Stored data entries
-- Opening Marker --
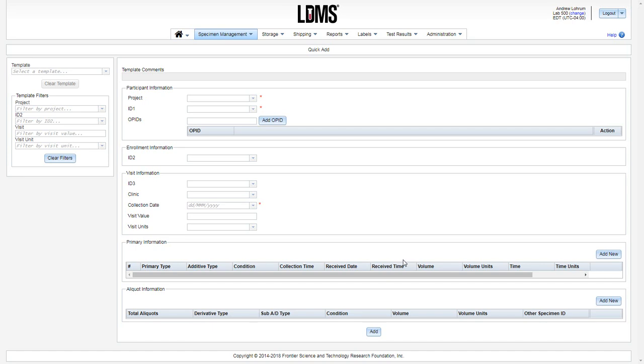This video tutorial will cover the use of QuickAdd for specimen entry in WebLDMS. If you participate on a clinical trial network that utilizes preloads or templates, please review that video.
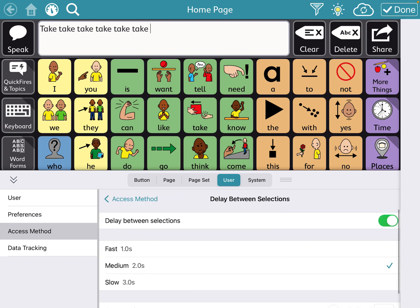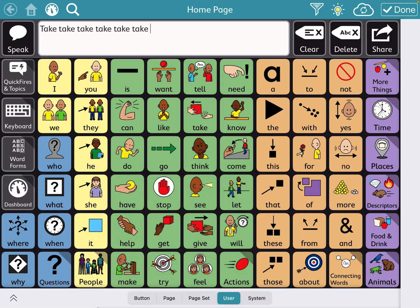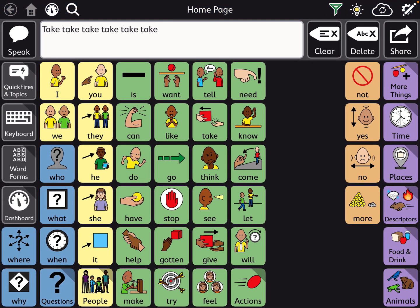I'll show you what medium looks like for that same situation. Take, take, take. So now there's multiple times. It's like delay is about two seconds. If that's too slow, change it to one second. Play around with it. But this will help decrease that multiple button press.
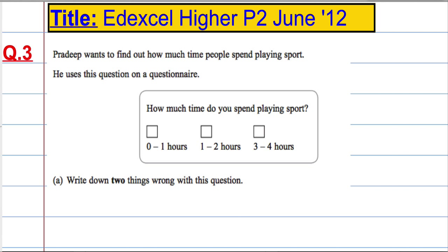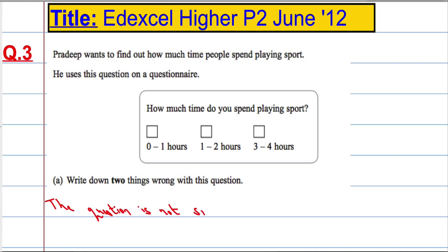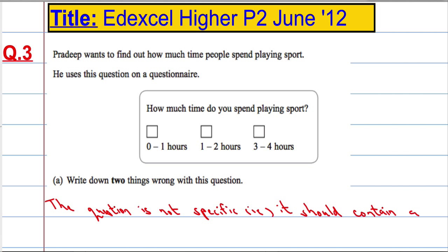The first thing that comes to mind straight away is the question is not specific enough. In other words, there is no time frame given. 'How much time do you spend playing sport?' — is that per day, per week, per year, per month? It's not specific. So one of the things wrong is the question is not specific; it should contain a time frame.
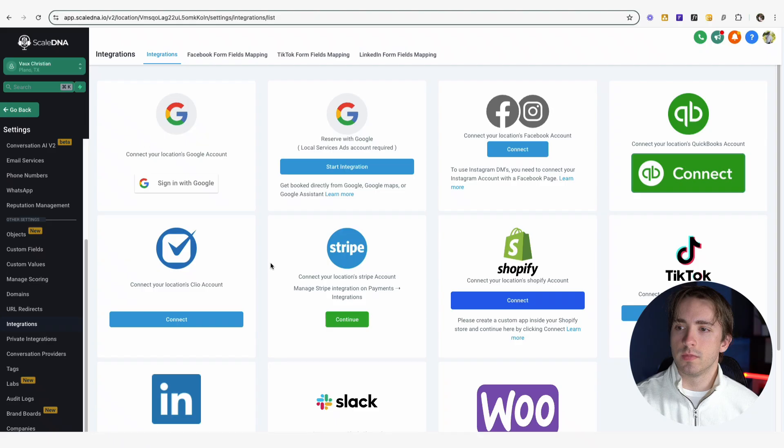Hey, what's up, High Levelers? It's Andrew. In this video, I'm going to be going over a new feature release that's going to be impacting our e-commerce store owners. We now have the ability to integrate WooCommerce with GoHighLevel, which is super exciting, especially if you already have a store set up on that platform and you've been wanting to integrate it with all of the powerful marketing features that High Level has to offer. Let me show you how it works.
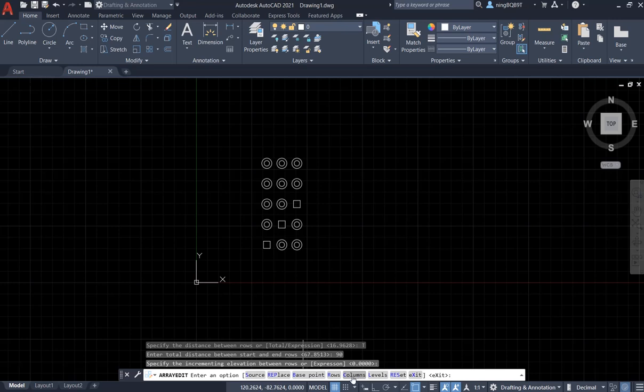Now it gets back to the array edit. I can also select the column. Basically it's the same as the row, so I won't go through it again.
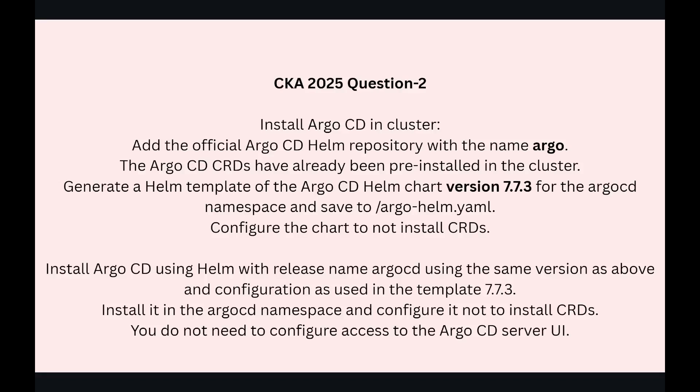Hello everyone. My name is Vijay and welcome to my YouTube channel. We are recording CKA 2025 questions, which is from the real exam. So this is question two in the series.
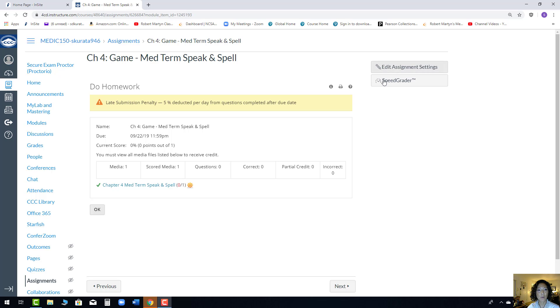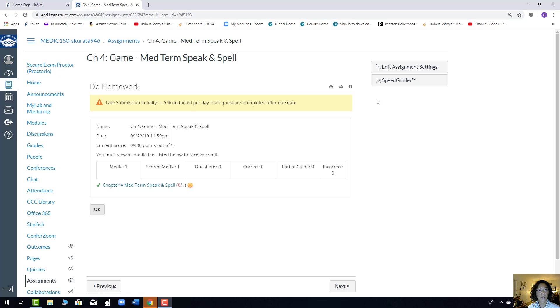Hey there everyone! I just wanted to alert you to a fix for the Speak and Spell assignments. So if you look, I'm just going to pick Chapter 4, Med Terms Speak and Spell.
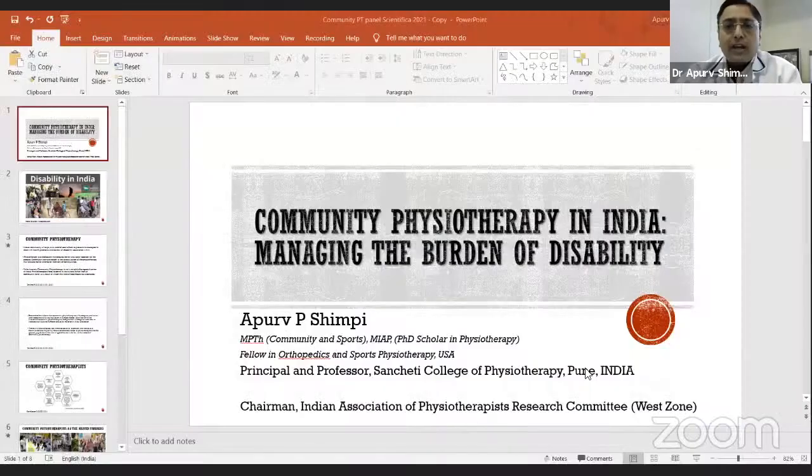Hello everybody, and a very, very warm welcome for another session on PhysioTV. We have been talking about propagation of physiotherapy education across the masses and making all of our physiotherapists aware of the concept of the domains of physiotherapy care. Today we are going to talk about a very special topic: community physiotherapy in India and management of the burden of disability.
-- Closing Marker --
Nothing but the lines from the one holding "The first thing" through the final line of the entries should be retyped, exactly as they stand and without pictures.

The first thing that comes to mind straight away is the question is not specific enough. In other words, there is no time frame given. 'How much time do you spend playing sport?' — is that per day, per week, per year, per month? It's not specific. So one of the things wrong is the question is not specific; it should contain a time frame.
Hey, what's up, High Levelers? It's Andrew. In this video, I'm going to be going over a new feature release that's going to be impacting our e-commerce store owners. We now have the ability to integrate WooCommerce with GoHighLevel, which is super exciting, especially if you already have a store set up on that platform and you've been wanting to integrate it with all of the powerful marketing features that High Level has to offer. Let me show you how it works.
Now it gets back to the array edit. I can also select the column. Basically it's the same as the row, so I won't go through it again.
Hello everyone. My name is Vijay and welcome to my YouTube channel. We are recording CKA 2025 questions, which is from the real exam. So this is question two in the series.
Hey there everyone! I just wanted to alert you to a fix for the Speak and Spell assignments. So if you look, I'm just going to pick Chapter 4, Med Terms Speak and Spell.
Hello everybody, and a very, very warm welcome for another session on PhysioTV. We have been talking about propagation of physiotherapy education across the masses and making all of our physiotherapists aware of the concept of the domains of physiotherapy care. Today we are going to talk about a very special topic: community physiotherapy in India and management of the burden of disability.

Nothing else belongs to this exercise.